== Action item ==
Exact copies of the lines below, from the one with "韩版纯色羊绒围巾女秋冬加厚百搭披肩男士白色羊毛围巾批发服装配饰详情46" up to and including the one with "5 марок. ГДР 1973г", are what this calls for; leave out pictures.

== Records for the task ==
--------------------------------
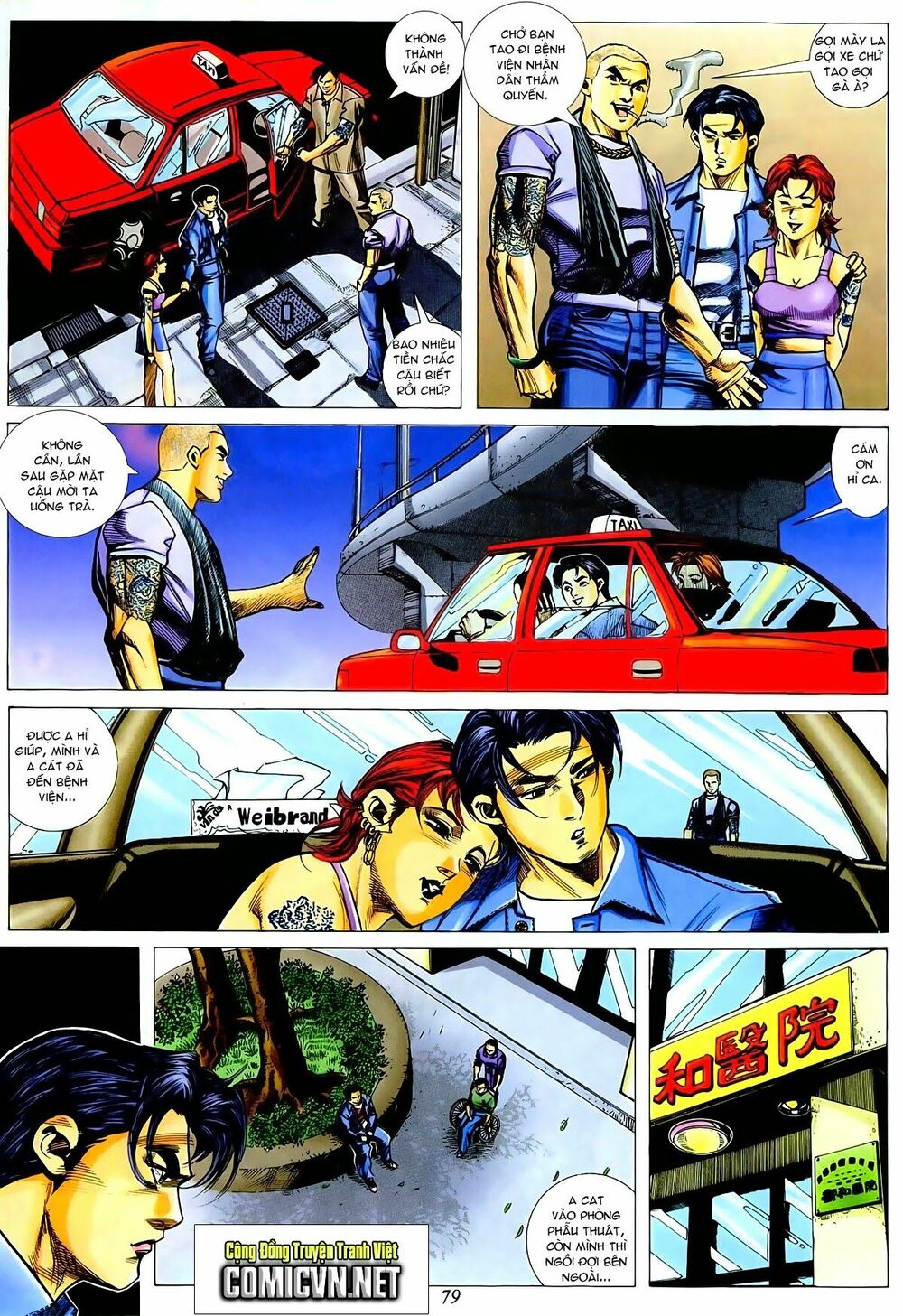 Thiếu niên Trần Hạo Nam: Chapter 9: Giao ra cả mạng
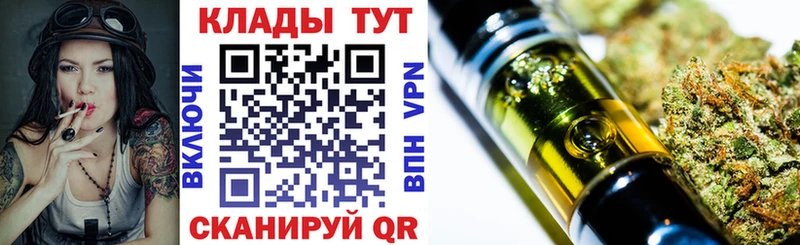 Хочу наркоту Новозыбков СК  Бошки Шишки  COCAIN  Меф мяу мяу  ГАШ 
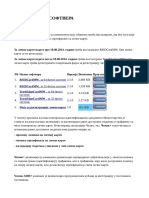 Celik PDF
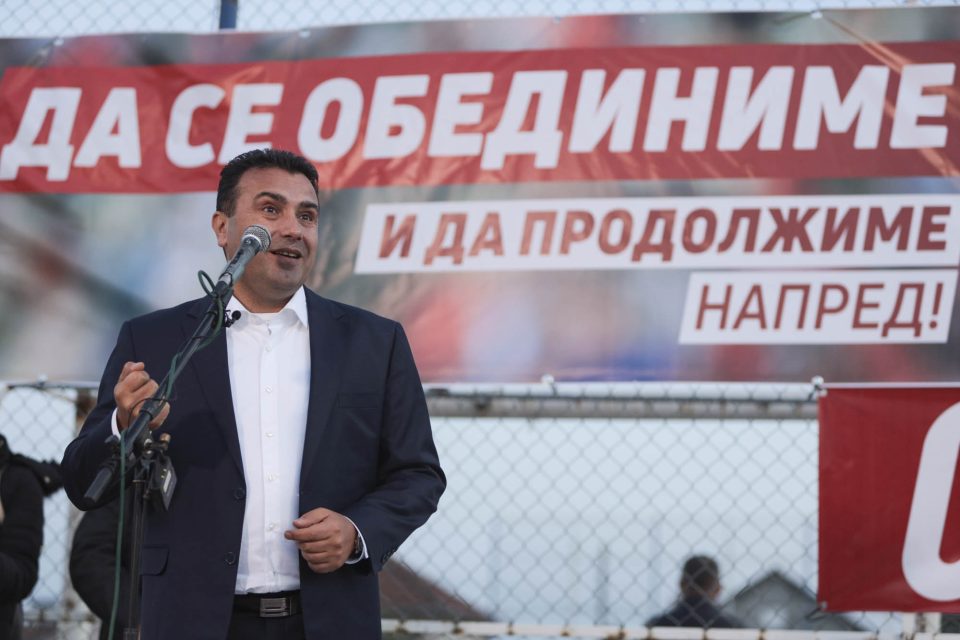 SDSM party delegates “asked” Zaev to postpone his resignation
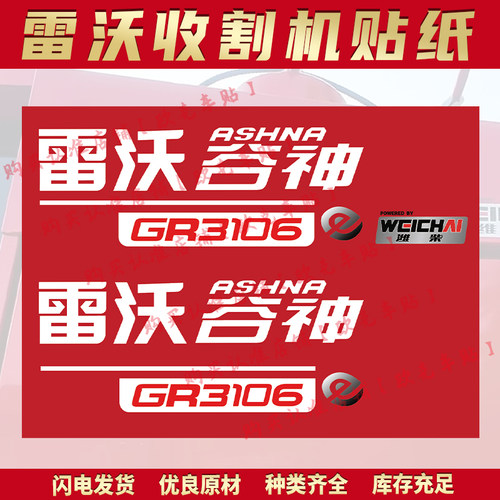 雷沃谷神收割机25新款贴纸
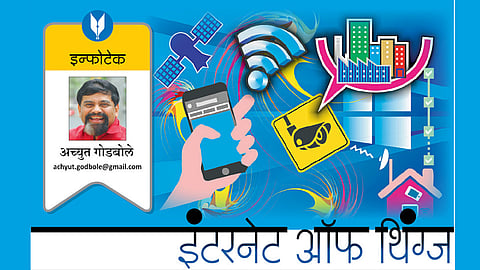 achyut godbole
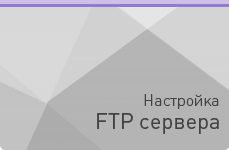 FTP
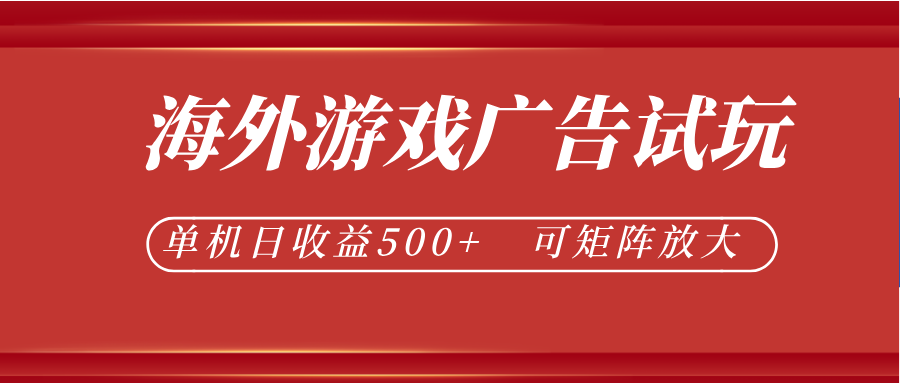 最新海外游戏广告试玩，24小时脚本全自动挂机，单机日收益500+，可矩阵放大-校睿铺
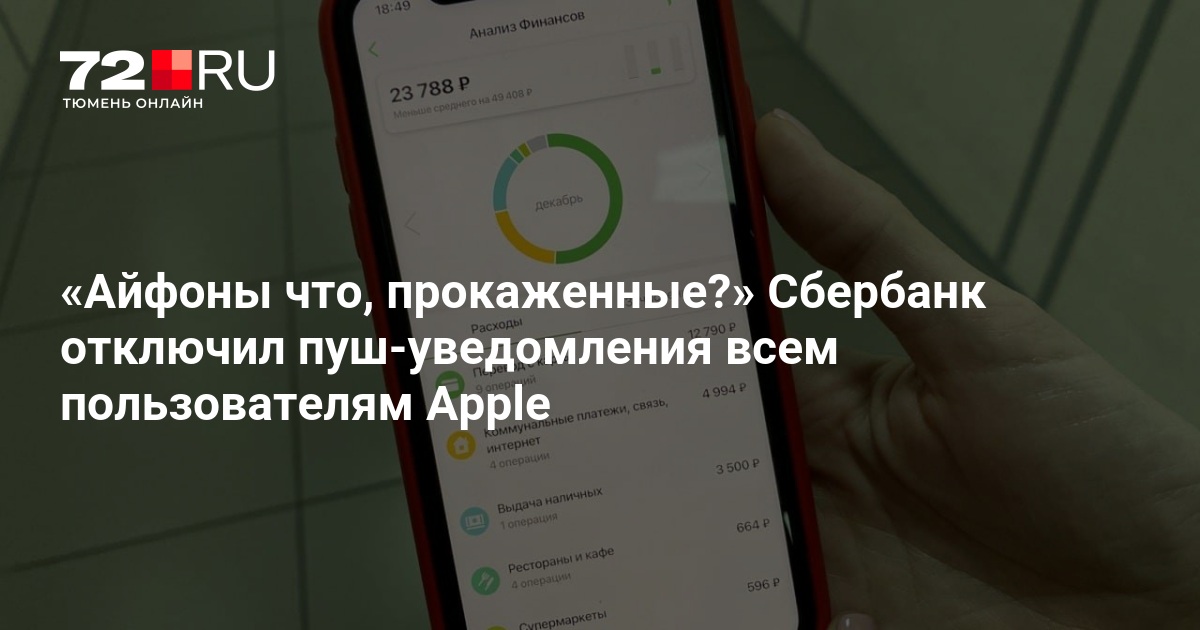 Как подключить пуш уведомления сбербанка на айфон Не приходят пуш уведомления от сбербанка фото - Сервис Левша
--------------------------------
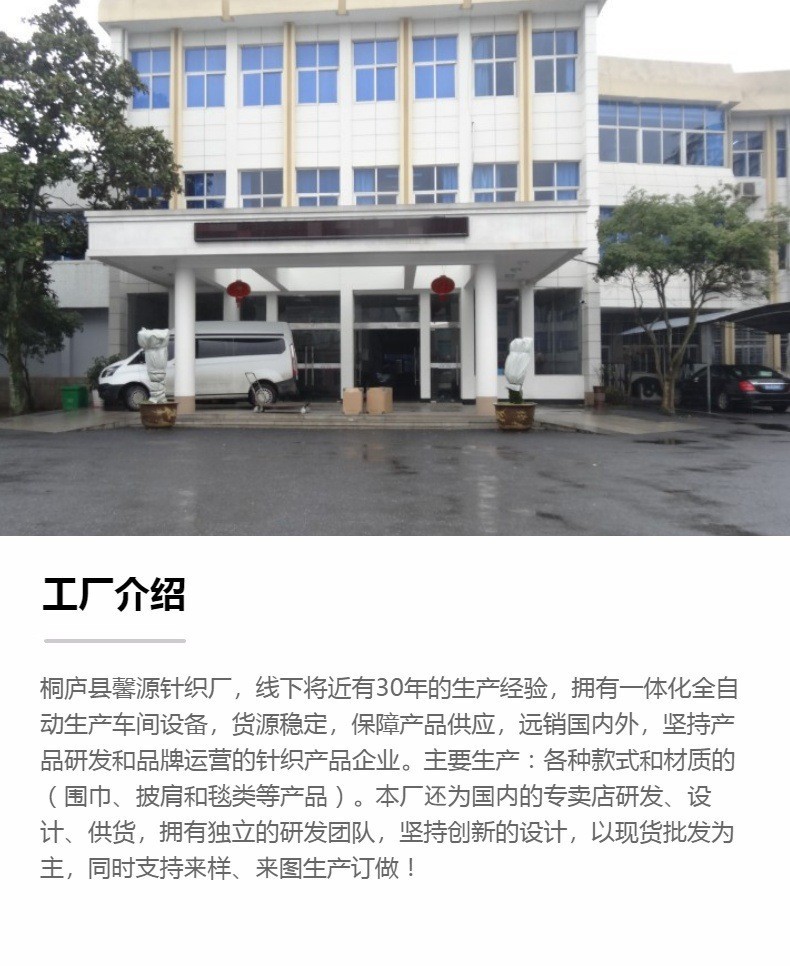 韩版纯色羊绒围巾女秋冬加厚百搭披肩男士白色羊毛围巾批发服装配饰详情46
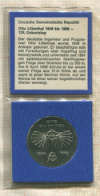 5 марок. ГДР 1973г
--------------------------------
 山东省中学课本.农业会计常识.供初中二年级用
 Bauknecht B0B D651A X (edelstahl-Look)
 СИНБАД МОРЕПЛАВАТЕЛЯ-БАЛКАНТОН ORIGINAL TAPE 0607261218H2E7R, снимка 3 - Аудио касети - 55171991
--------------------------------
== Problem solution ==
 韩版纯色羊绒围巾女秋冬加厚百搭披肩男士白色羊毛围巾批发服装配饰详情46
 5 марок. ГДР 1973г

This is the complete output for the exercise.